A man is coming out of my building, wearing a thick woolen plaid hunter’s shirt, Nike running shoes. An American, I am convinced, in his thirties. Although I can see him only from behind, I can see that he has a thick, unruly shock of black hair and-it is always the same detail-a long red ugly scar running along his jawline, from his ear to his chin. It is a terrible scar, and I can see it quite clearly. He is limping as if in great pain.
I don’t stop the man-why should I?-but instead, as he limps away, I enter the building, smelling the odor of blood, which grows stronger as I climb the stairs to our apartment, and now the stench is unbearable, and I find myself retching, and then I am at the landing, and I can see the three bodies, splayed grotesquely in pools of blood, and one of them-it can’t be, I tell myself-is Laura.
And at this point I usually awake.
But that is not quite the way it happened, of course.
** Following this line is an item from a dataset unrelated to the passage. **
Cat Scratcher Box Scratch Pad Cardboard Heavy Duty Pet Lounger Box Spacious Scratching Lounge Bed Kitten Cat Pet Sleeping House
My dream, and it is always the same, has created a grotesque semiparable out of it.
As a case officer in Paris, I was charged with running several valuable deep-cover field agents, and a host of minor ones. I’d had one major success in Paris: I’d succeeded in rolling up a ring of Soviet military-intelligence spies operating out of a turbine plant outside the city. My cover was as an architect at an American firm. The apartment I had been given on the rue Jacob was small but sun-drenched, located in the sixth arrondissement, the best neighborhood in Paris, to my mind. I was fortunate; most of my fellow spooks were housed in the drab eighth. Laura and I had recently married, and she had no objection whatsoever to being moved to Paris: she was a painter, and there were few places she preferred to paint than Paris. She was small, irresistibly cute, with long blond hair that she wore up. We were pretty much intoxicated with love.
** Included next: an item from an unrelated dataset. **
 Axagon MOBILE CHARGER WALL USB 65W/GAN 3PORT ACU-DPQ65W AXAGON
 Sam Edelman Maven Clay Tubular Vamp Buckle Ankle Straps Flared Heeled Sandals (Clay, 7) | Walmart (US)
We had talked about having kids, and we both wanted them. But what I didn’t know was that she was pregnant, a fact that would have thrilled me. She never had a chance to tell me. I’ve always believed she wanted to tell me in her own way, at her own pace, after she’d had a chance to digest the news. All I knew was that she’d been feeling sick for several days-some sort of minor virus, I thought.
Around this time I was contacted by a low-level KGB officer, a filing clerk in the KGB’s Paris station, who wanted to strike a deal. He had some information to sell, he said, which he’d run across in the archives in Moscow. In exchange, he wanted to defect, wanted financial security, protection, the works.